The annual federal funding tends to run out during the summer, though, which is also the time most graduate students should be devoting full-time to their research. If not, graduation timelines can be stretched.
“The time it takes students to graduate has slowly drifted up over the years, and that is something that we really, really wish to avoid,” Schaefer said. “We don’t want to have graduate students spend five, six, seven years to graduate. It’s not good on many levels. At least we want to make sure it’s not [due to a lack of] money. We can pick them up full-time where they don’t feel like they have to earn some extra money and it slows them down even further or they have to take out loans. We really, really want to avoid that.”
Finally, Schaefer recognizes distinguished professorships like his have the potential to attract top university academic talent to NC State and retain them. The afforded flexibility and license for creativity can be a powerful force in faculty choosing between universities.
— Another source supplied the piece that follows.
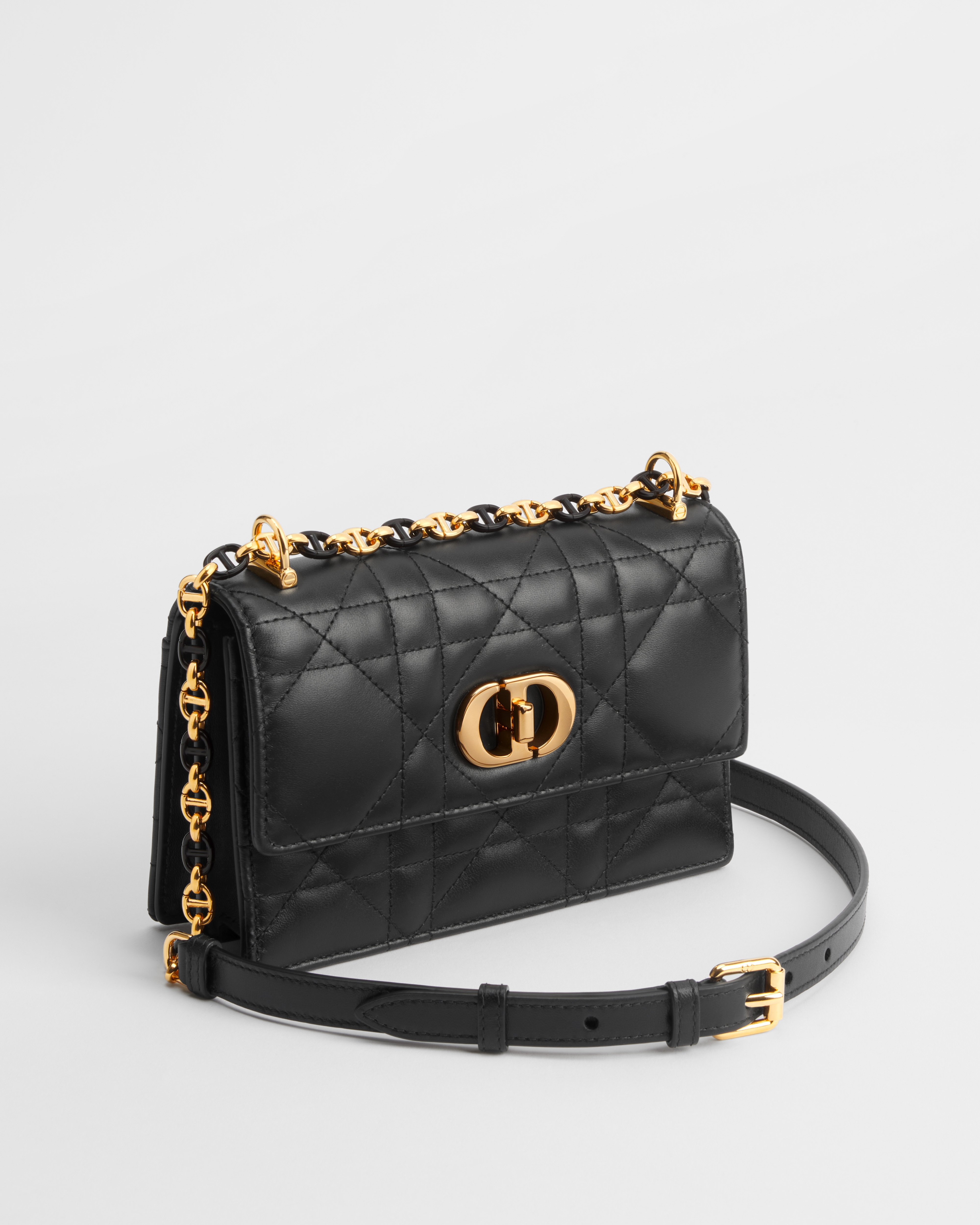 Miss Caro Mini Bag Black Macrocannage Lambskin E03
“If there’s something you really want to do — you’d like to have a small meeting with colleagues, you’d like to start a new research project and you need just a little bit of computing — that kind of flexibility, it’s really hard to get,” Schaefer said. “So just that little bit of extra money is super useful. I think if we can offer that to somebody who comes in, I think it is attractive.”
The flexibility certainly has been for Schaefer. And beyond that, this professorship — and its namesake — has inspired him to think about what legacy he would like to leave behind himself.
“It means something to me and it’s a responsibility that you would like to have the same impact on your students,” he said.